AIDS a threat to the economy
Between 2004 and 2013, economic growth averaged just
over 2 percent per year. During the first two years, the
economic development of drought and a decline in the
textile industry were hampered (see Industry). Growth in
the following years, thanks to better weather conditions
and greater demand for the country's export products.
However, widespread corruption has reduced the
willingness to invest with foreign investors and
international financial institutions such as the
International Monetary Fund (IMF). Not least, the royal
house's waste of state assets has contributed to this
(see Modern History and Current Policy). The result has
been low tax revenues to the Treasury and constant
However, the biggest threat to Swaziland's long-term
economic development is the fact that the AIDS epidemic
has hit the country very hard (see also Social
Swaziland is heavily dependent on the South African
economy. The Swaziland currency, lilangeni, is
linked to the South African Rand and the country is part
of the South African Customs Union (Sacu), which brings
significant revenue to the state. South Africa is one of
the most important investors in Swaziland's industry.
There is a program for privatizations and other
market economy reforms, but conservative groupings
within the ruling elite have slowed the pace of reform.

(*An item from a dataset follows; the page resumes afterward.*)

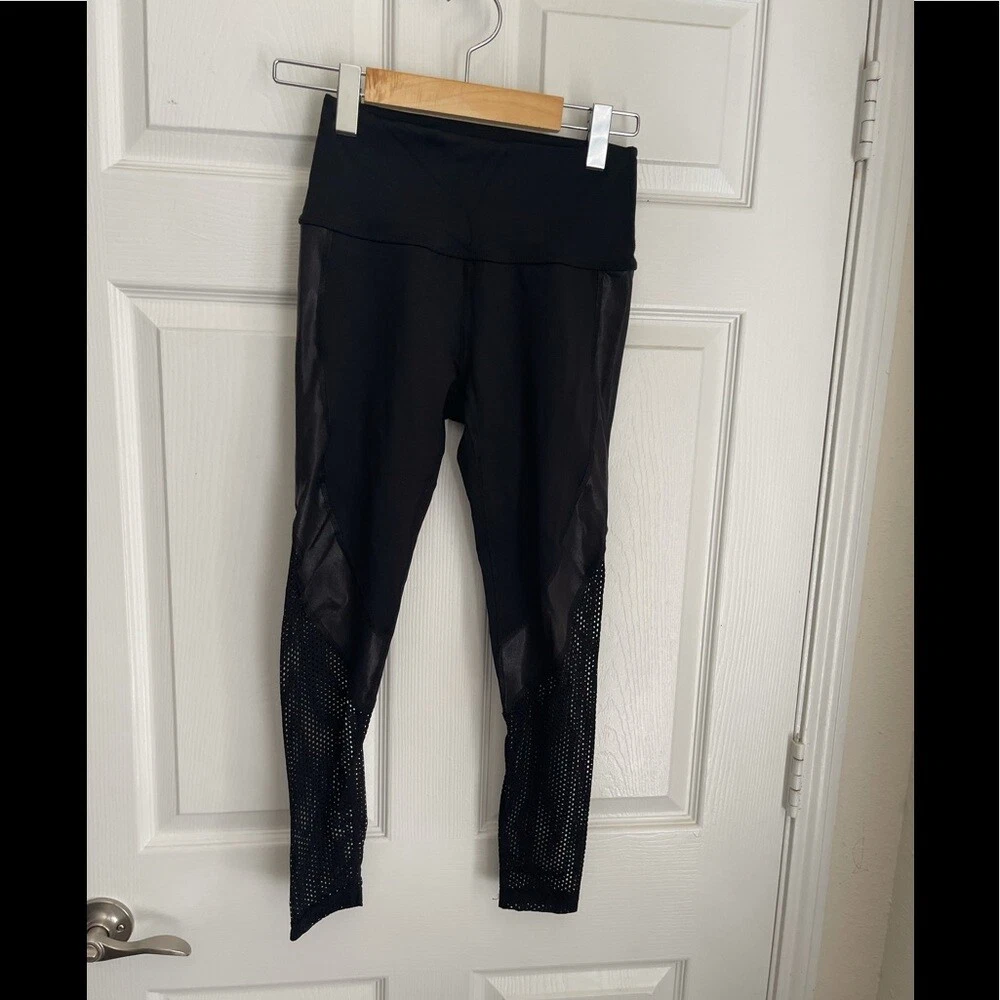 beyond-yoga umělá kůže detaily síťoviny leggings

Airlines, dairies and water companies are examples of
companies that have been privatized.
Swaziland's external debt in 2013 corresponded to
almost a tenth of GDP. In 2012, the country received $
89 million in official development assistance. In the
case of drought and famine, the dependence on aid
Acute economic crisis
A severe financial crisis in the first half of 2011
led to an acute shortage of money in the Treasury. The
crisis was mainly caused by sharply declining revenue
from the Sacu Customs Union and by high costs for the
royal house and the salaries of public servants. The
budget deficit exceeded 14 percent of GDP, while the
foreign exchange reserve fell for the 17th consecutive
month to $ 523 million, which would be enough for two
weeks of imports. Swaziland turned to the IMF with a
loan application, but the fund demanded, among other
things, increased taxes and reduced salaries for
government employees. The government then appealed to
South Africa for a loan. This was granted, but the South
African government demanded that economic and political
reforms, such as reduced costs for the court, be
implemented in Swaziland. Swaziland therefore refused
In 2013, the economy turned slightly up, mainly
thanks to increased revenue from the Customs Union, Sacu
and an increased tax collection. The financial year
2012/2013 showed a small surplus and the foreign
exchange reserve strengthened somewhat. In November
2014, the World Bank approved a financial support
program for the period 2015–2018. In particular, the
money would be spent on poverty reduction, attempts to
increase Swaziland's competitiveness in the world market
and to create new jobs in tourism and agriculture.
However, the government did not use the increased
revenue to pay off debts and more, but instead increased
the expenditure. In 2014, for example, the court's
budget was increased by 10 percent. Thus, the country's
economic outlook continued to look bleak.